What to do: Print the entries below again exactly as they stand, but skip any picture.

Supplied records:
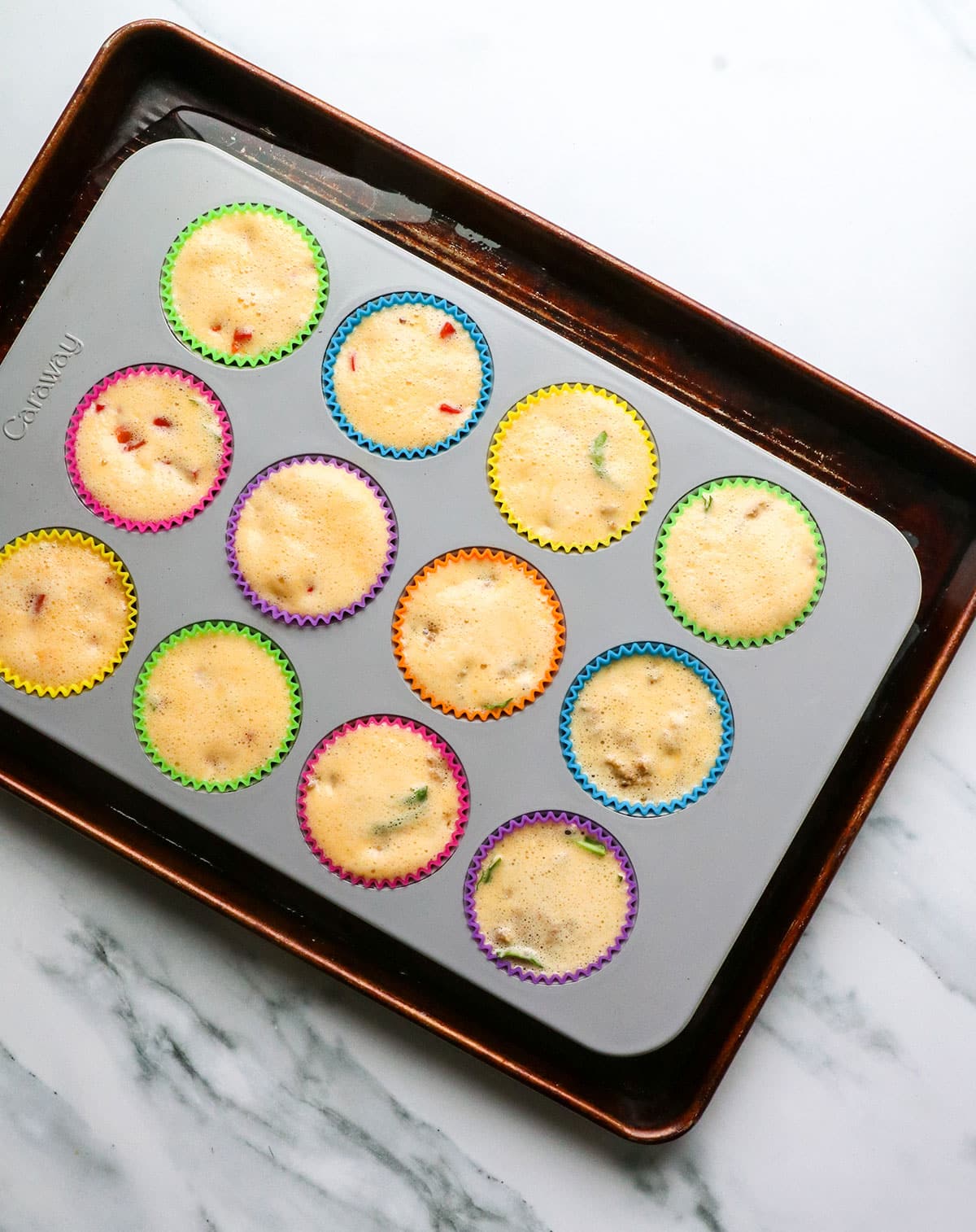 muffin pan with egg bites sitting in a pan of water.
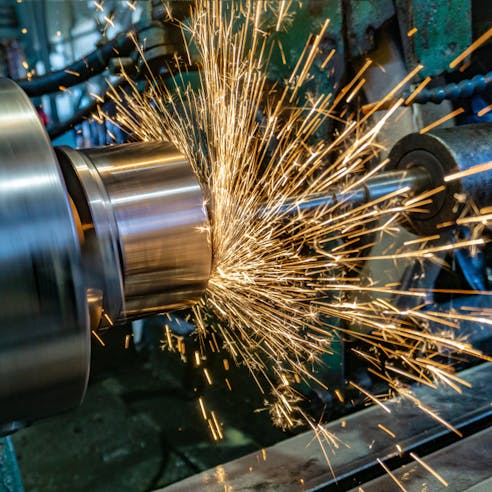 Grinding cylindrical part. Image Credit: Shutterstock.com/Dovzhykov Andriy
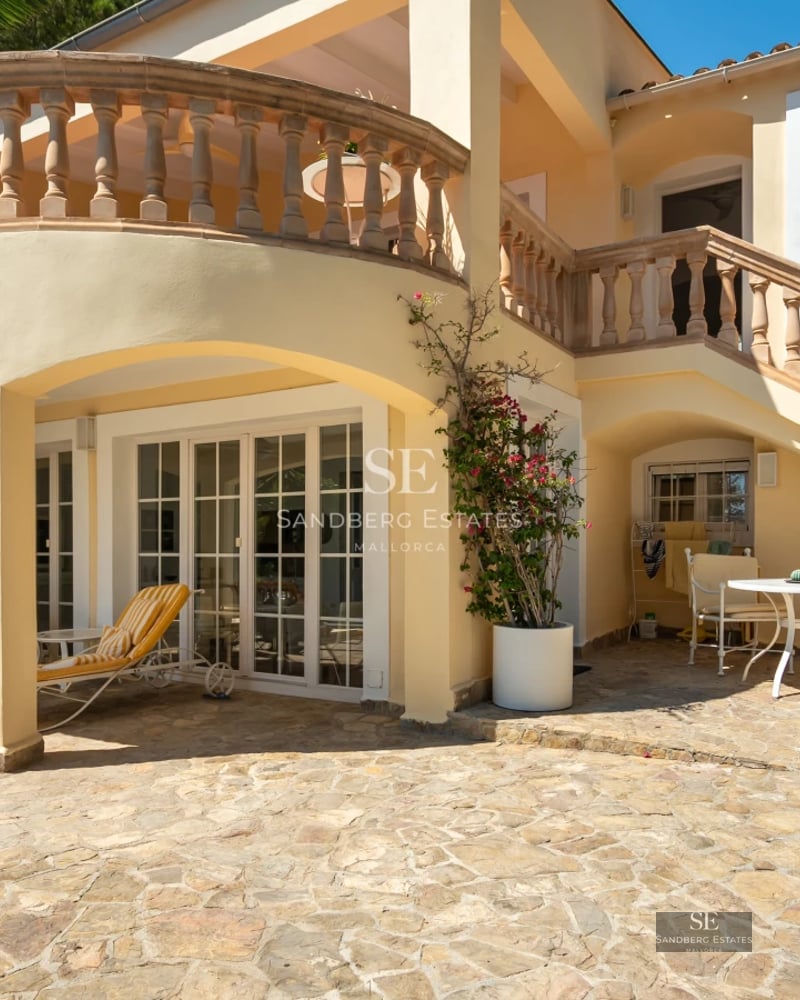 Exterior of a modern villa featuring an infinity pool, lush garden, and expansive terraces with panoramic sea views.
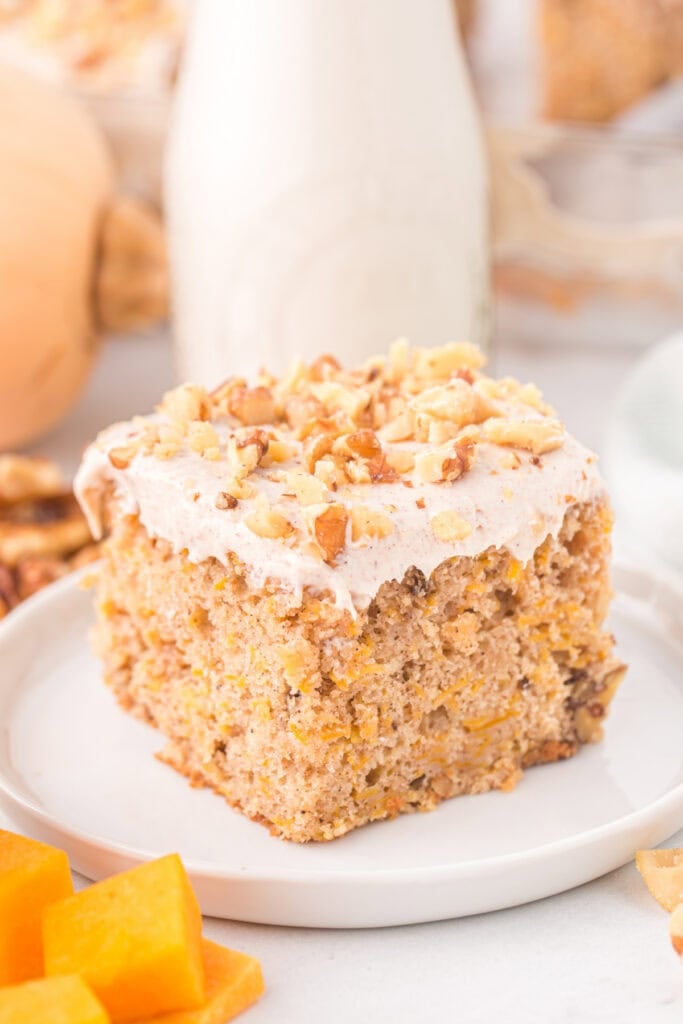 Slice of butternut squash cake on a white plate, topped with frosting and walnuts, with milk bottle in background.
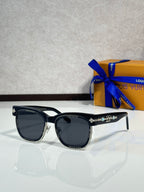 Louis Vuitton sunglasses, black frame with dark lenses and gold-tone decorative bar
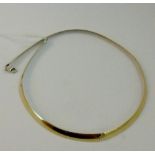 Reversible sterling silver and gold plate choker.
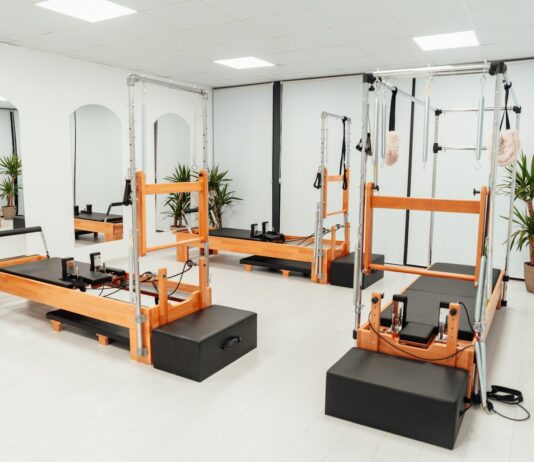 필라테스, 몸과 마음의 균형을 찾는 현대인의 건강 비법 a gym with a row of machines and mirrors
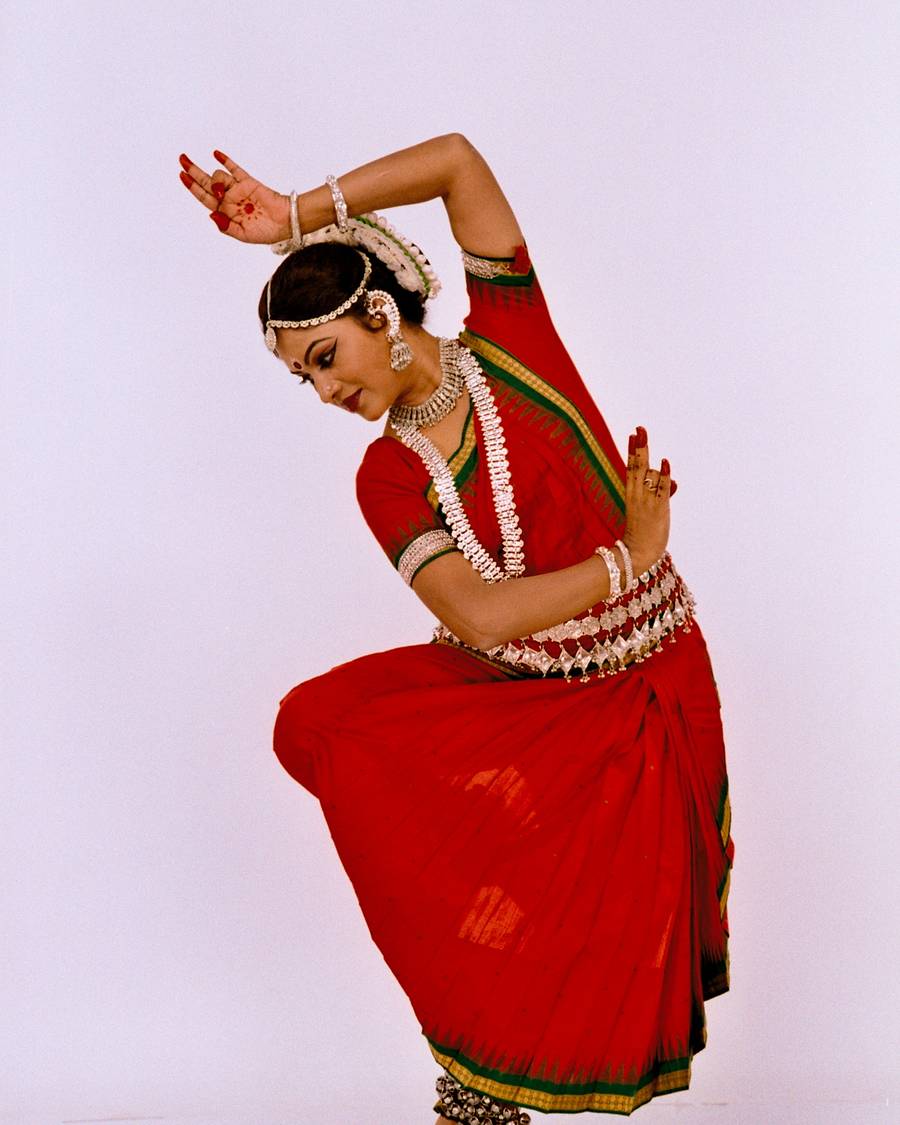 Shubhada Varadkar in a red Odissi costume, arm raised in a dance posture.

Answer space:
 muffin pan with egg bites sitting in a pan of water.
 Grinding cylindrical part. Image Credit: Shutterstock.com/Dovzhykov Andriy
 Exterior of a modern villa featuring an infinity pool, lush garden, and expansive terraces with panoramic sea views.
 Slice of butternut squash cake on a white plate, topped with frosting and walnuts, with milk bottle in background.
 Louis Vuitton sunglasses, black frame with dark lenses and gold-tone decorative bar
 Reversible sterling silver and gold plate choker.
 필라테스, 몸과 마음의 균형을 찾는 현대인의 건강 비법 a gym with a row of machines and mirrors
 Shubhada Varadkar in a red Odissi costume, arm raised in a dance posture.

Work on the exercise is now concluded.